:: PROBLEM TO SOLVE ::
Restate word for word the lines of the records below, starting at the line that contains "Bilateral benign adrenal" and ending at the line that contains "Anti-p70 S6K (phospho", with both of those lines included and nothing else.
━━ SOURCE INFORMATION
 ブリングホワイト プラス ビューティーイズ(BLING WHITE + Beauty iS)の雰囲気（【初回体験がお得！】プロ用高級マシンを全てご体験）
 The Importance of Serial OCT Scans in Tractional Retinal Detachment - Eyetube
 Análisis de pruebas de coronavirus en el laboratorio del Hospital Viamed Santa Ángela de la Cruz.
━━━━
━━ SOURCE INFORMATION
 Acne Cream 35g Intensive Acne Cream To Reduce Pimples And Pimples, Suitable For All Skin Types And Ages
━━━━
━━ SOURCE INFORMATION
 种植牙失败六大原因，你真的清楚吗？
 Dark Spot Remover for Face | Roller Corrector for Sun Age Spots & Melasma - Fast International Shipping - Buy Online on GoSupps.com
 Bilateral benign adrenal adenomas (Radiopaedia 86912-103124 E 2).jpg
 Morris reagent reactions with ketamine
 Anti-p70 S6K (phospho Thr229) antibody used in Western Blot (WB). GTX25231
━━━━
:: YOUR RESPONSE ::
 Bilateral benign adrenal adenomas (Radiopaedia 86912-103124 E 2).jpg
 Morris reagent reactions with ketamine
 Anti-p70 S6K (phospho Thr229) antibody used in Western Blot (WB). GTX25231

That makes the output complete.